Jamie Dimon Bill Ackman
JPMorgan CEO Jamie Dimon (left) said he'd tax people like hedge-fund manager Bill Ackman (right) more if he were president.Slaven Vlasic/Getty Images for The New York Times; Sylvain Gaboury/Patrick McMullan via Getty Images
  • Hedge-fund manager Bill Ackman asked JPMorgan CEO Jamie Dimon what he'd do if he were president.

  • One point on Dimon's agenda: Tax the rich.

  • The CEO said he'd get rid of the carried interest loophole and increase the earned income tax credit.

What would one of the most powerful billionaire CEOs do if he were president? Tax people like himself — and his fellow billionaires — more.

At the New York Times DealBook Summit this morning, audience member and hedge fund titan Bill Ackman asked JP Morgan CEO Jamie Dimon what he'd do if he were president.
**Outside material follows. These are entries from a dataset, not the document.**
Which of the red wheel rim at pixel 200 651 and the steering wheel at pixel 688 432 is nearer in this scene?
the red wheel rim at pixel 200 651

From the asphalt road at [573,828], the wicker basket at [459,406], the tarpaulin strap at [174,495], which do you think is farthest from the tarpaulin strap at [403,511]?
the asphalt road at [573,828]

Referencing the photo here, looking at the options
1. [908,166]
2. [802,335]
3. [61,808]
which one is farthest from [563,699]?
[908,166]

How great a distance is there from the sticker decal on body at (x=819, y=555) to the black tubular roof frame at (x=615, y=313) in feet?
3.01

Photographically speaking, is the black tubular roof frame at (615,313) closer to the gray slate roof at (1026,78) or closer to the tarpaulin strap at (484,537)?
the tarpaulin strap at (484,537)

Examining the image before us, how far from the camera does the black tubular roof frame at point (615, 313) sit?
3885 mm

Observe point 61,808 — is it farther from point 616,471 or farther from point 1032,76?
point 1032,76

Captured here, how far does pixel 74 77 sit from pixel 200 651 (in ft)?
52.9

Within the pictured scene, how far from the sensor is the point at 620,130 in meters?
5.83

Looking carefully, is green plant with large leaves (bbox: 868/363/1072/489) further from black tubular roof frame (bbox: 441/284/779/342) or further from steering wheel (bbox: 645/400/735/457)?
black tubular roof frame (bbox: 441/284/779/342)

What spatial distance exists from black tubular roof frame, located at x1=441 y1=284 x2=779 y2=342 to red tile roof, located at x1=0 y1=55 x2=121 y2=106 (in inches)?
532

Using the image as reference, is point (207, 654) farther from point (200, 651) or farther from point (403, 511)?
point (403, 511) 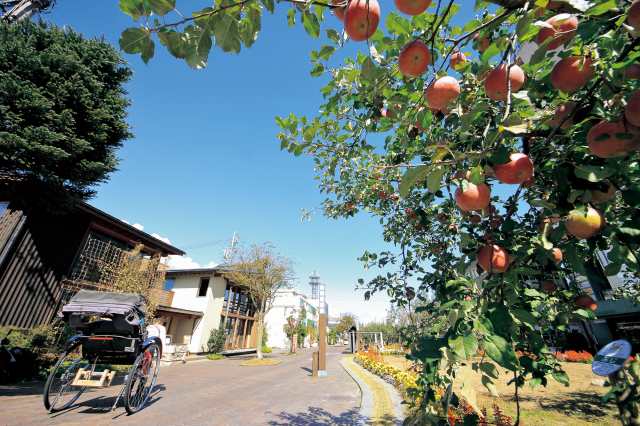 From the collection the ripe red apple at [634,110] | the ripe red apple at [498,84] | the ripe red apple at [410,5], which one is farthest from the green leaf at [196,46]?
the ripe red apple at [634,110]

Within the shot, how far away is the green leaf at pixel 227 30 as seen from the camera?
4.06 feet

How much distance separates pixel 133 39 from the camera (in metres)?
1.24

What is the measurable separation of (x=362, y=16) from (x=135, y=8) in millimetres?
1015

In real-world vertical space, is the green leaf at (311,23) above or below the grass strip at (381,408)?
above

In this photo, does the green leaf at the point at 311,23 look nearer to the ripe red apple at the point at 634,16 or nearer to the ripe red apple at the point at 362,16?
the ripe red apple at the point at 362,16

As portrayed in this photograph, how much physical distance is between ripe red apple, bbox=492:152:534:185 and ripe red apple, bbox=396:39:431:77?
2.13 feet

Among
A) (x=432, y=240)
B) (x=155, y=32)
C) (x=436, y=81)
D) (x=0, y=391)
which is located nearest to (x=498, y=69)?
(x=436, y=81)

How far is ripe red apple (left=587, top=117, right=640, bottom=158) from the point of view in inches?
40.0

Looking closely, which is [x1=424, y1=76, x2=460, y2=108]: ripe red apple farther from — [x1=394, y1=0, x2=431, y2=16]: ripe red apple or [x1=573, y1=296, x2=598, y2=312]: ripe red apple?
[x1=573, y1=296, x2=598, y2=312]: ripe red apple

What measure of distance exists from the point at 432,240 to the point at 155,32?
3.47 metres

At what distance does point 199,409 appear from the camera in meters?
5.64

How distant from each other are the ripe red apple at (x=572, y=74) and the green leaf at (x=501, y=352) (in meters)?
1.19

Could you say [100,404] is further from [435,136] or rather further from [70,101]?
[435,136]

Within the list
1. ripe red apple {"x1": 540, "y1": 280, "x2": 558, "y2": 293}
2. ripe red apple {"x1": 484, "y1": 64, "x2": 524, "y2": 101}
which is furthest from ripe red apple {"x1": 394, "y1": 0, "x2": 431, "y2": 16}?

"It's your first hundred days, what are your top 10 things and what do you do over the first year?" asked Ackman, who has previously called on Dimon to run for president.

"The first thing is I'd probably have a cabinet with really smart, talented brainy people — you might be secretary of Treasury," Dimon quipped back, adding that the group would include both Republicans and Democrats, before getting more specific on policy.

He would tackle foreign policy, he said, and "double down on diplomacy." Domestically, education, work skills, and immigration would top his list.

And then, characteristically, he'd focus on growing the economy.

"I think presidents should have a growth strategy," he said. "Growing the economy is being conducive to business. When I go to France and the UK now, and meet the president and prime minister, it's pro-growth, innovation, proper taxation for the people of the country."

Dimon's tax strategy sounds a lot like wealth redistribution.

He said he would double the earned income tax credit, a credit for low-earning workers, and make it so those without children can also qualify more easily.

"That would put more money into those communities, and they would help their kids," he said. "I would do that tomorrow."

In turn, he'd play Robin Hood and increase taxes on the rich.

"'I'd make people like you pay a little bit more," he added, turning to Ackman. "This carried interest stuff would be gone the day I got in office because it is unfair."

The carried interest loophole allows partners in venture capital firms, private equity firms, and hedge funds — a number of whom were likely in the audience at the summit — to pay little in taxes on their earnings. For his part, Ackman has criticized the loophole before, calling it a "stain on the tax code."

Dimon has blasted tax breaks in the past — like those the wealthy get on race cars, private jets, and horse racing — and called for raising taxes on high earners.

Despite votes of confidence from the likes of Ackman, Dimon has said that he won't run for president. (And of course, the president can't enforce tax-code changes anyway without the support of Congress). Still, he often gets political in his annual shareholder letters, commenting on issues from government intervention to healthcare.